Antibiotic susceptibility testing by the disk diffusion method (Kirby-Bauer) uses Mueller-Hinton agar. Which two special supplements must be added to Mueller-Hinton agar when testing Streptococcus pneumoniae and Haemophilus influenzae respectively?
- A S. pneumoniae: 5% sheep blood (blood agar base); H. influenzae: X+V factors (chocolated blood agar)

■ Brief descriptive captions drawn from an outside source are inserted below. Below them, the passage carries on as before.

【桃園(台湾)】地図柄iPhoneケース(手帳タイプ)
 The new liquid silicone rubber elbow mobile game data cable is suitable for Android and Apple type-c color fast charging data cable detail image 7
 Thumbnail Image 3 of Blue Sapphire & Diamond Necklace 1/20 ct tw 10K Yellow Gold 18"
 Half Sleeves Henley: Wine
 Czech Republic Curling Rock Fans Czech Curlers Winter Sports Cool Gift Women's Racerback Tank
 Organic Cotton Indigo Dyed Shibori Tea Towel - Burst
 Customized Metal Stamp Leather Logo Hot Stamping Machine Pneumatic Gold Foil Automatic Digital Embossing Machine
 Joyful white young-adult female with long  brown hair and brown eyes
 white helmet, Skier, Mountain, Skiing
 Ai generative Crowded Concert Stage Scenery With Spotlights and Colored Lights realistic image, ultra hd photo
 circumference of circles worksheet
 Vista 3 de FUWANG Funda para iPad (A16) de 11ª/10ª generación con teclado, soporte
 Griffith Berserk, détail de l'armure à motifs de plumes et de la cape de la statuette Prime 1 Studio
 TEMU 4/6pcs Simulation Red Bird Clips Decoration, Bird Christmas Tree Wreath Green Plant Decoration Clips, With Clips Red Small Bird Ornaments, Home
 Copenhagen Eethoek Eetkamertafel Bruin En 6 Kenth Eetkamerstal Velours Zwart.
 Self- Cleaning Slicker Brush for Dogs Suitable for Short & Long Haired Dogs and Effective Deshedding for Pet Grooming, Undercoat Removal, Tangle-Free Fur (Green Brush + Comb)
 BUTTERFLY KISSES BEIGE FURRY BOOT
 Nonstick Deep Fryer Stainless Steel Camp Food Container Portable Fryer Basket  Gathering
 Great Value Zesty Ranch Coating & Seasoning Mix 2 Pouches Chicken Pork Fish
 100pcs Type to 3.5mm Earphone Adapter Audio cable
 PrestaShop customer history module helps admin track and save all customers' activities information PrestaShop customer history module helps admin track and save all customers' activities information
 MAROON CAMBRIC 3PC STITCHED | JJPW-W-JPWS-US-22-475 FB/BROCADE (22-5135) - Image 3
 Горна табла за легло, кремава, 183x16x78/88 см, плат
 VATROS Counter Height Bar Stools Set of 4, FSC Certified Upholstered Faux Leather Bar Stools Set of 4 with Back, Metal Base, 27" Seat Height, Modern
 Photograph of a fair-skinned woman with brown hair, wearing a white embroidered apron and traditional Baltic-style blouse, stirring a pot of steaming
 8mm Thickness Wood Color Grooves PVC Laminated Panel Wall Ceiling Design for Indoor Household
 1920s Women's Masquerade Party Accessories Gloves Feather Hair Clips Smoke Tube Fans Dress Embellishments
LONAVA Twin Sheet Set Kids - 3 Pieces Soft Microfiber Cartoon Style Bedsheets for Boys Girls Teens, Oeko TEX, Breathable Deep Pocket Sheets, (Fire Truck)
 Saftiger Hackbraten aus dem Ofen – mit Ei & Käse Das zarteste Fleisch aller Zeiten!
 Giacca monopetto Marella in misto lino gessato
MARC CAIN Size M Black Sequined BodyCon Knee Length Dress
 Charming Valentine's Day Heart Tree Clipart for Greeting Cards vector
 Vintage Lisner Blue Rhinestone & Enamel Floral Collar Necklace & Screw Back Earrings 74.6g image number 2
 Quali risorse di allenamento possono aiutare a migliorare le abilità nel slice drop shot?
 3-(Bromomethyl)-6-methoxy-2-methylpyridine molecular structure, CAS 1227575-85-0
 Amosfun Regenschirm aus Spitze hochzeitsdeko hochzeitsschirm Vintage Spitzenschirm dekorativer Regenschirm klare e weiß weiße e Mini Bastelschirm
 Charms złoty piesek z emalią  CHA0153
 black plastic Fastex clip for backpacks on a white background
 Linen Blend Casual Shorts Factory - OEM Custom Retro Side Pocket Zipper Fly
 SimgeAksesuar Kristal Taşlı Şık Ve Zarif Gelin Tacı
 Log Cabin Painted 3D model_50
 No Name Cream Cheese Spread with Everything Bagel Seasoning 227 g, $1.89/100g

- B Both organisms: Mueller-Hinton broth alone is sufficient for disk diffusion
- C S. pneumoniae: Chocolate agar with NAD; H. influenzae: 5% sheep blood agar
- D Both organisms: Cation-adjusted Mueller-Hinton with 2–5% lysed horse blood and 20 mg/L NAD ✓
Explanation
EUCAST/CLSI guidelines specify that Mueller-Hinton agar supplemented with 5% defibrinated sheep blood (or lysed horse blood) and 20 mg/L NAD (beta-NAD) is used as Haemophilus test medium (HTM) for Haemophilus influenzae susceptibility testing, and the same cation-adjusted Mueller-Hinton + 5% sheep blood (without NAD) is used for Streptococcus pneumoniae. Both organisms are nutritionally fastidious and do not grow on plain Mueller-Hinton agar. The cation adjustment (Mg2+, Ca2+) is critical for accurate aminoglycoside MIC determination in all gram-negative bacteria.
Reference: Ananthanarayan & Paniker's Textbook of Microbiology, 11th ed.